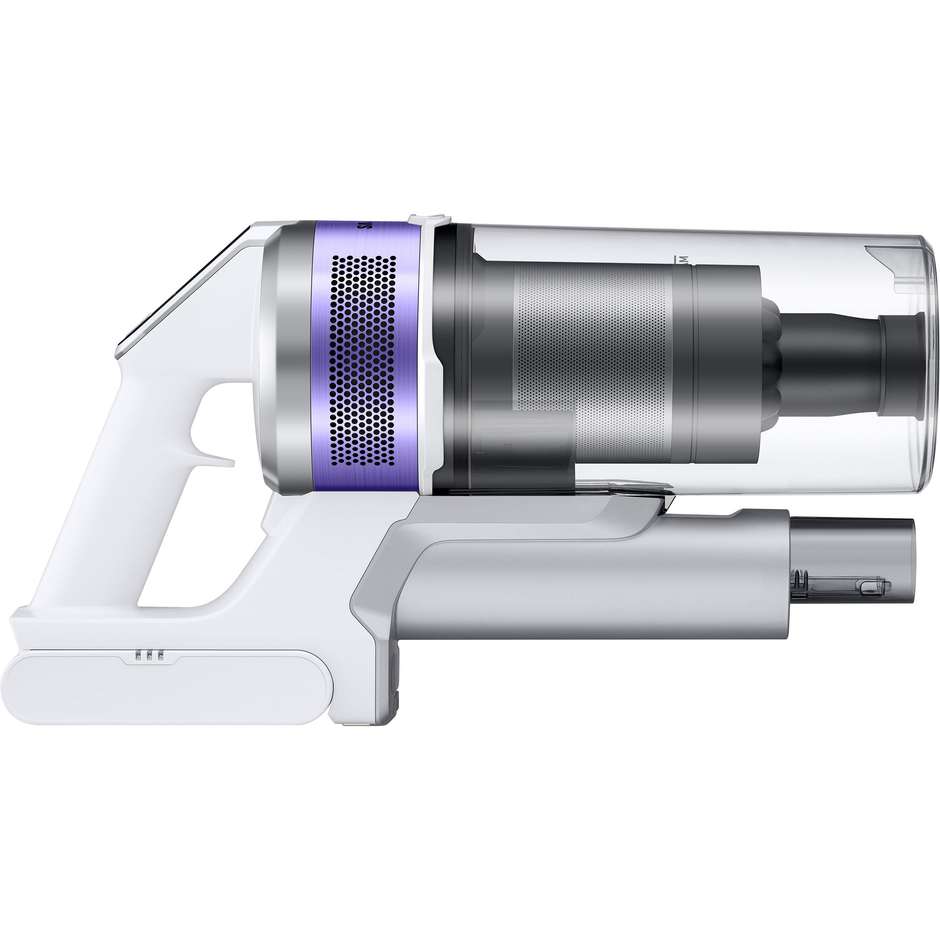 Samsung Jet 70 Easy VS15T7031R4 Scopa Elettrica Ricaricabile 410W 150AW Supporto 2-in-1 Bianco e Nero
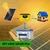 Servotech Solar 1kW PWM Inverter with Battery, 110W Poly Panel (2 Year, 5 Years Battery, 25 Years Performance Warranty)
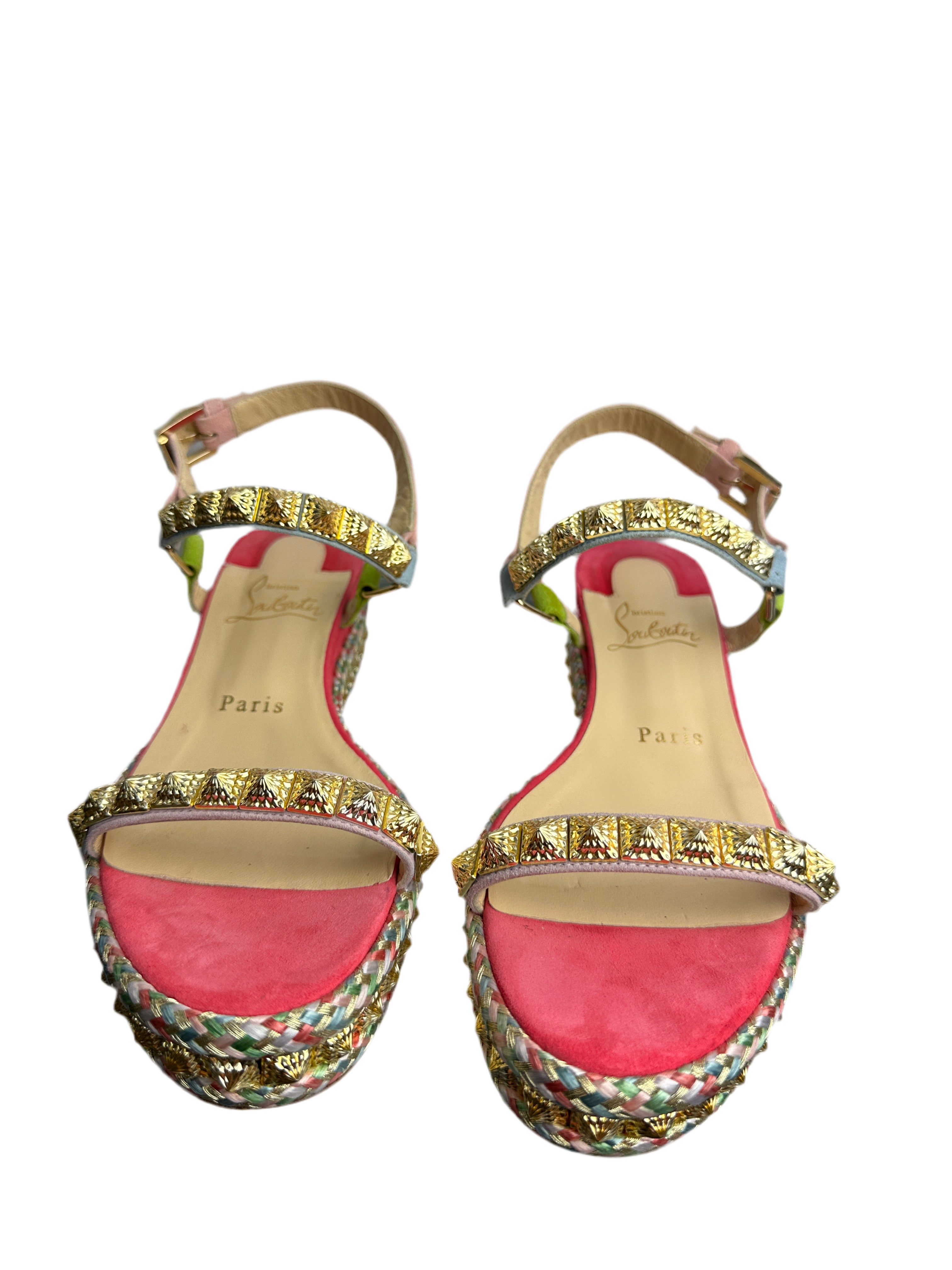 Louboutin Pyraclou 60 suede - size 37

■ Problem statement
Exactly as given, set down each line of the material, but include no pictures.

■ Result for this exercise
 Samsung Jet 70 Easy VS15T7031R4 Scopa Elettrica Ricaricabile 410W 150AW Supporto 2-in-1 Bianco e Nero
 Servotech Solar 1kW PWM Inverter with Battery, 110W Poly Panel (2 Year, 5 Years Battery, 25 Years Performance Warranty)
 Louboutin Pyraclou 60 suede - size 37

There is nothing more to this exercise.